CepOperator会在processElement中处理流中的每条数据。
@Override
public void processElement(StreamRecord<IN> element) throws Exception {
if (isProcessingTime) {
if (comparator == null) {
// there can be no out of order elements in processing time
NFAState nfaState = getNFAState();
long timestamp = getProcessingTimeService().getCurrentProcessingTime();
advanceTime(nfaState, timestamp);
processEvent(nfaState, element.getValue(), timestamp);
updateNFA(nfaState);
} else {
long currentTime = timerService.currentProcessingTime();
bufferEvent(element.getValue(), currentTime);
}
} else {
long timestamp = element.getTimestamp();
IN value = element.getValue();
// In event-time processing we assume correctness of the watermark.

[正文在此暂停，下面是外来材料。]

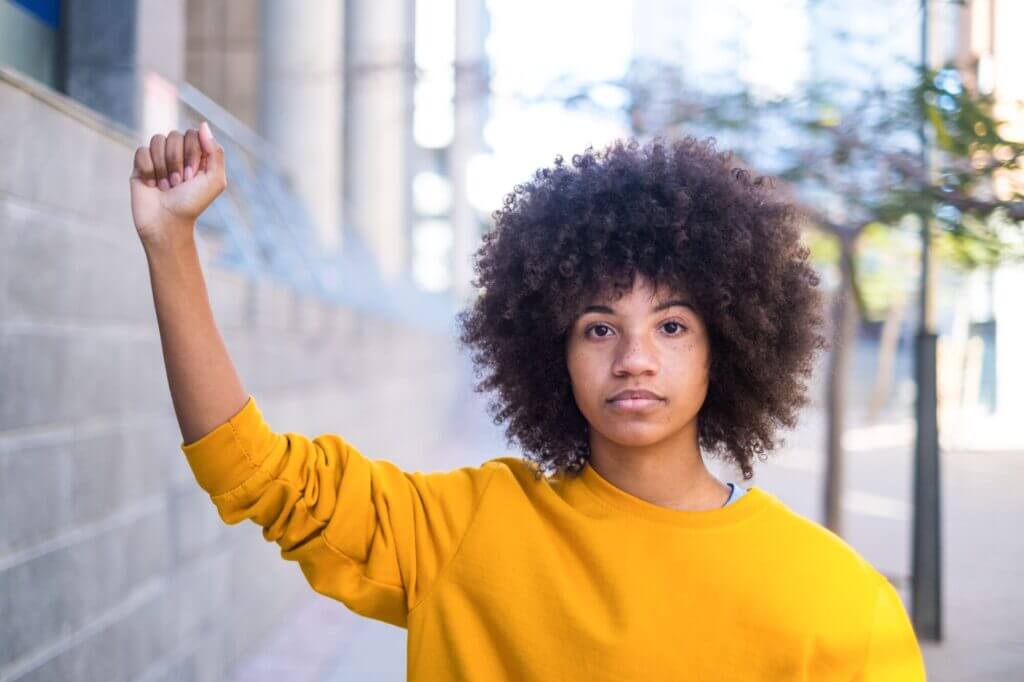 Mujer afrolatina levantando el puño en señal de lucha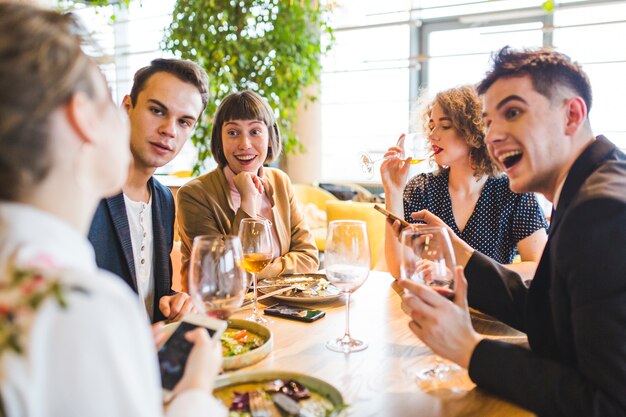 Group of friends eating in restaurant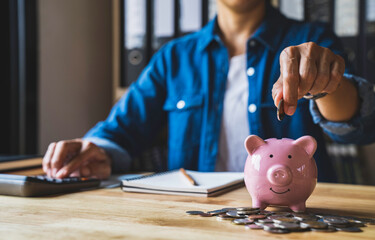 woman holds a coin in a pig-shaped piggy bank to save money for the future. after retirement and record keeping of income, expenditure, savings and financial concepts.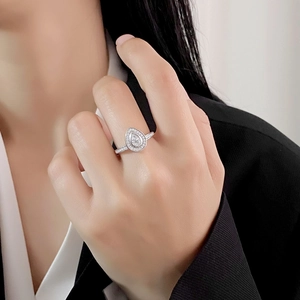 Elegant S925 sterling silver pear-shaped halo ring with micro-pave diamonds on model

// Events with timestamp smaller than or equal with the last seen watermark are
// considered late.
// Late events are put in a dedicated side output, if the user has specified one.
if (timestamp > timerService.currentWatermark()) {
// we have an event with a valid timestamp, so
// we buffer it until we receive the proper watermark.
bufferEvent(value, timestamp);
} else if (lateDataOutputTag != null) {
output.collect(lateDataOutputTag, element);
} else {
numLateRecordsDropped.inc();
}
}
}
可以看到,如果使用的是处理时间,需要先对数据根据当前处理时间将乱序的数据做一次处理,保证数据的有序。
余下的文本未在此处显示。